Chief Reinvention Officer Wants Seamless Experience for Citizens
Currently, if residents want to access any government service, they bear the responsibility for identifying the agency or agencies they need to work with and then coordinating between multiple departments to achieve their goal.
As CRO, Cabinaw’s goal is to turn that model around and focus on allowing residents to easily cut across different agencies to get the services they need. Take, for example, someone who has a family member with behavioral health or substance abuse issues who may also have had brushes with law enforcement and incarceration at some point. As part of the state’s reinvention effort, the Department of Corrections, Department of Human Services and other agencies would be able to more easily coordinate services to provide one view of that individual and ensure there are no gaps or overlaps.
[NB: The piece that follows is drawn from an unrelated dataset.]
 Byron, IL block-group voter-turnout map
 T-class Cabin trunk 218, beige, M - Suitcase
“We want to be efficient stewards of taxpayers’ money while also providing that family member the best possible care given the resources we have, and that is really what reinvention tries to do when we work in silos in any particular agency,” Cabinaw says. “We’re challenging teams to look at it not as an either/or but as an and/how.”
Since coming in as North Dakota’s CRO in August, Cabinaw has been taking time to get the lay of the land and determine how best to serve the state’s residents. “Like anyone who’s coming in to a new role, the first thing you have to do is learn about the environmental challenges, and one of the things I’m really zeroed in on is unification and thinking about the use cases that surround a particular constituent base,” she says.
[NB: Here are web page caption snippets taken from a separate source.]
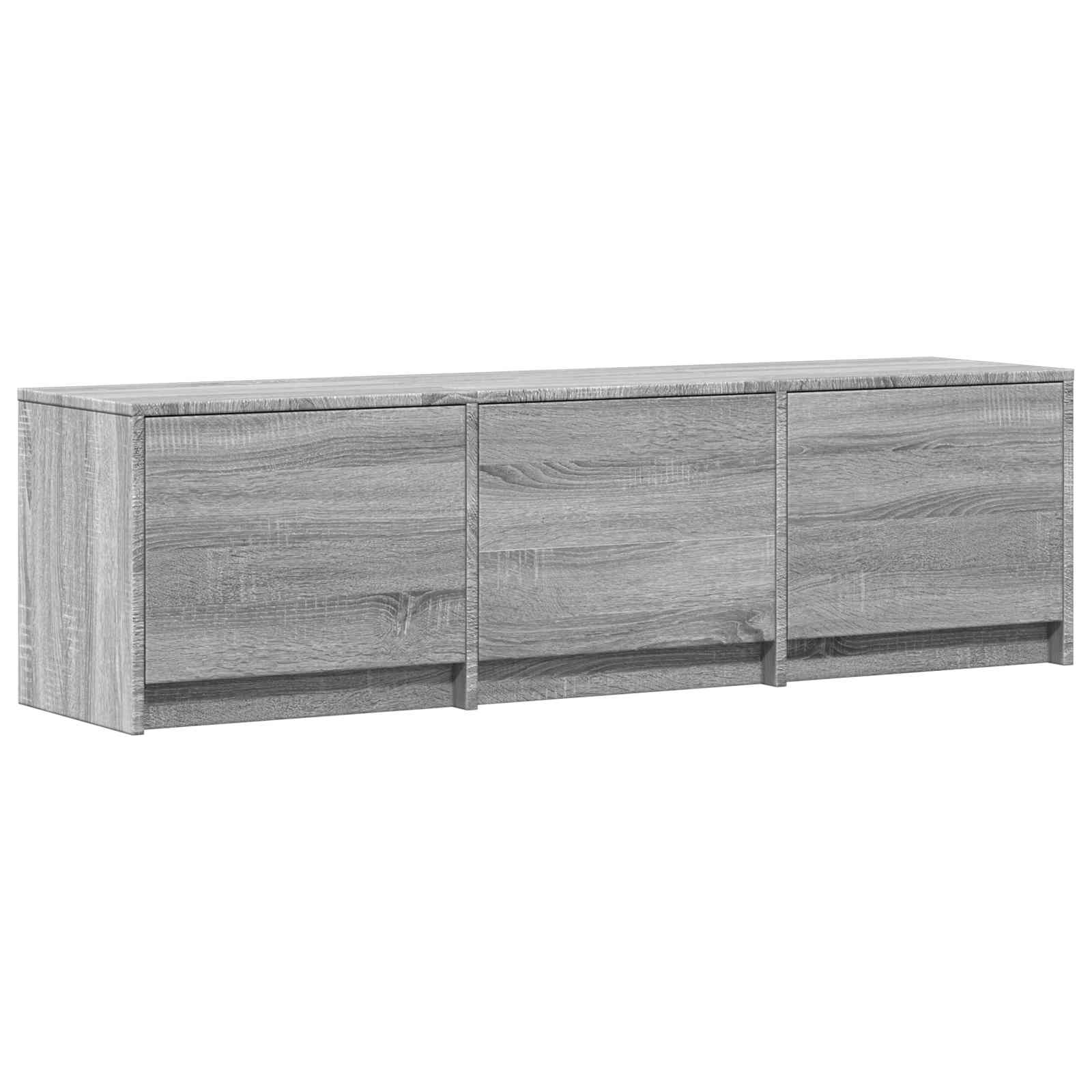 TV spintelė su LED su LED Pilka Sonoma 140 x 34 x 40 cm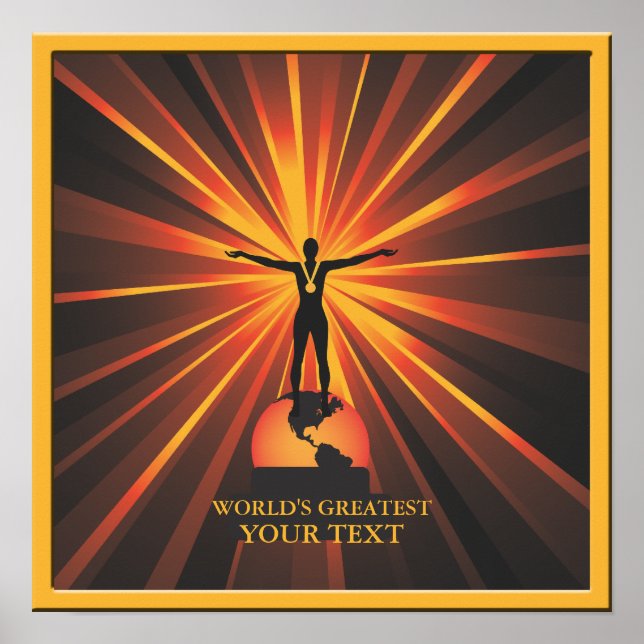 Custom World’s Greatest Trophy Poster (Front)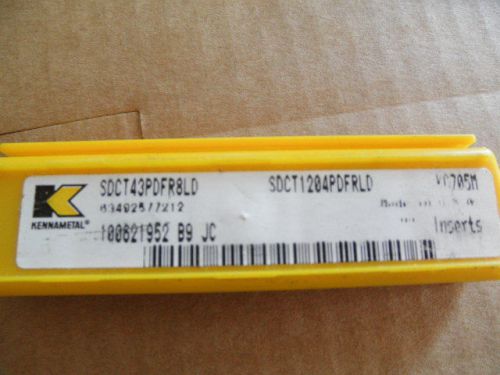 three KENNAMETAL SDCT43PDFR8LD SDCT1204PDFRLD KC705 INSERT  a6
North Dahoka Identifies Where Tech Can Have the Most Impact
Rather than jumping right into technology in the beginning, Cabinaw is taking time to make sure technology is applied most effectively.
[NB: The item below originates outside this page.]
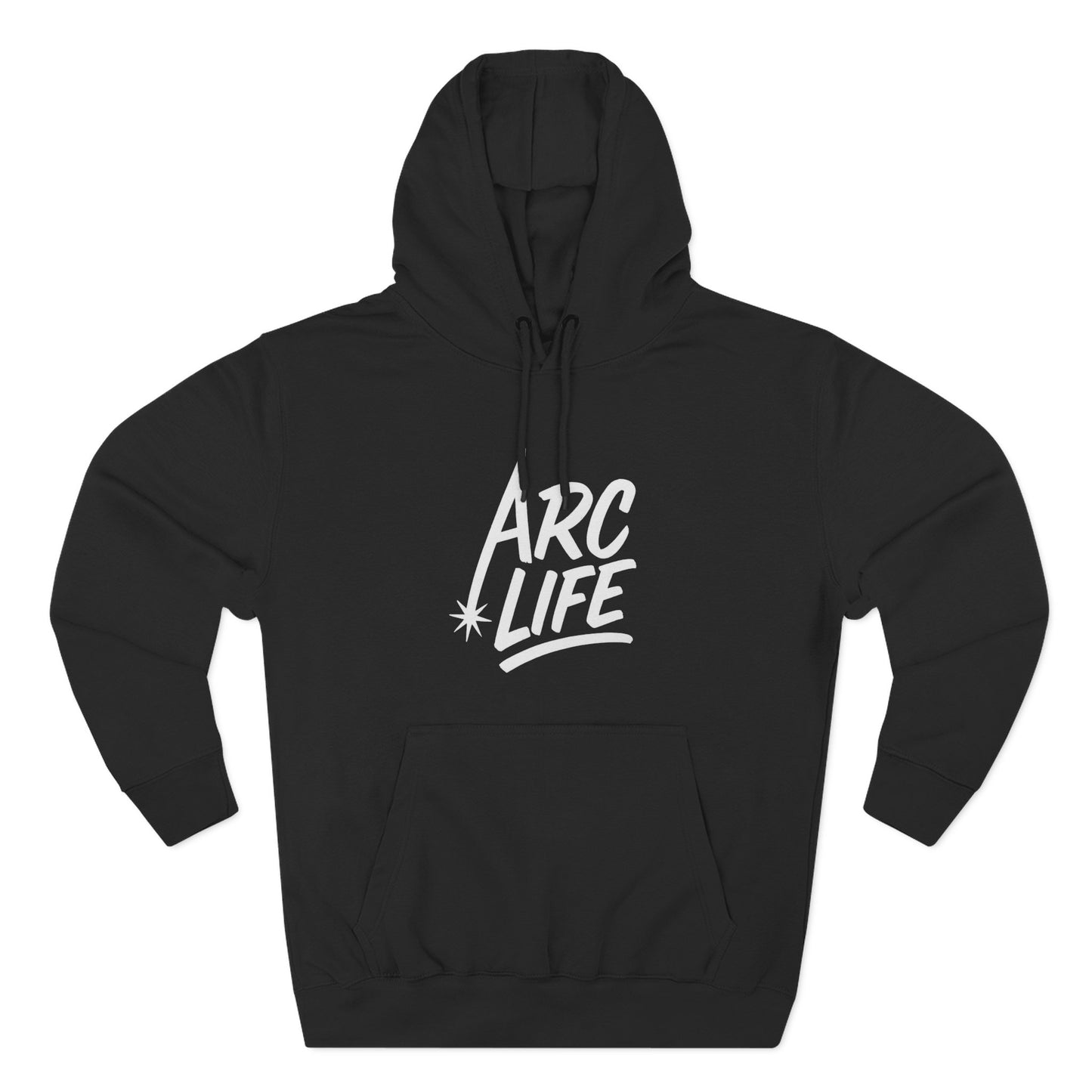 Arc Life Three-Panel Fleece Hoodie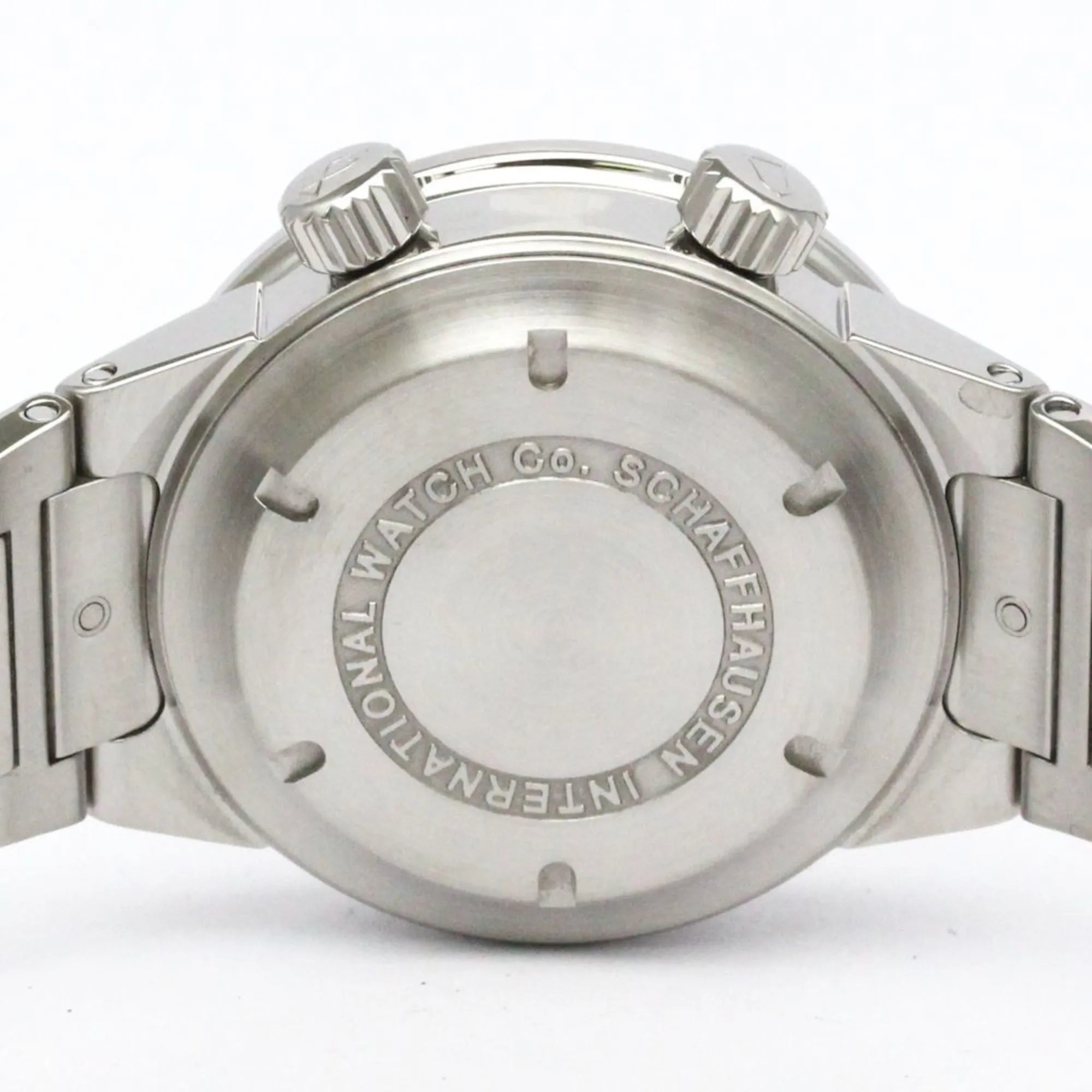 Iwc Schaffhausen Gst Automatic Alarm Stainless Steel Watch (Pre-Owned)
“I’ve been in the digital transformation and tech innovation space for a long time, and my experience is that people jump very quickly to technology, when in fact you need to start with people and processes to be able to identify things that really need to go well,” Cabinaw says. “Otherwise, you could be automating a suboptimal process.”
Cabinaw has identified a number of areas that could have the greatest impact when given reinvention strategies, one of which is the Department of Human Services.
“They’ve started some great work relative to improving child protective services processes and reinventing the childcare licensing process to enable quality care for North Dakota children that prepares them for the next phase of their education and ensures their safety,” Cabinaw says.
Cabinaw and her team are also working with the state’s Office of Management and Budget to evaluate the current procurement model and identify efficiencies that could smooth the process.
“From a broad perspective, we’re moving from the point of view where one agency procures a service or piece of technology, when there may be three other agencies that could benefit from a similar technology, and if we looked at their requirements, there might be an 80 percent overlap,” Cabinaw says. “We want to open up that kind of thinking so others can take advantage of the same technology and we can reduce the cost to taxpayers.”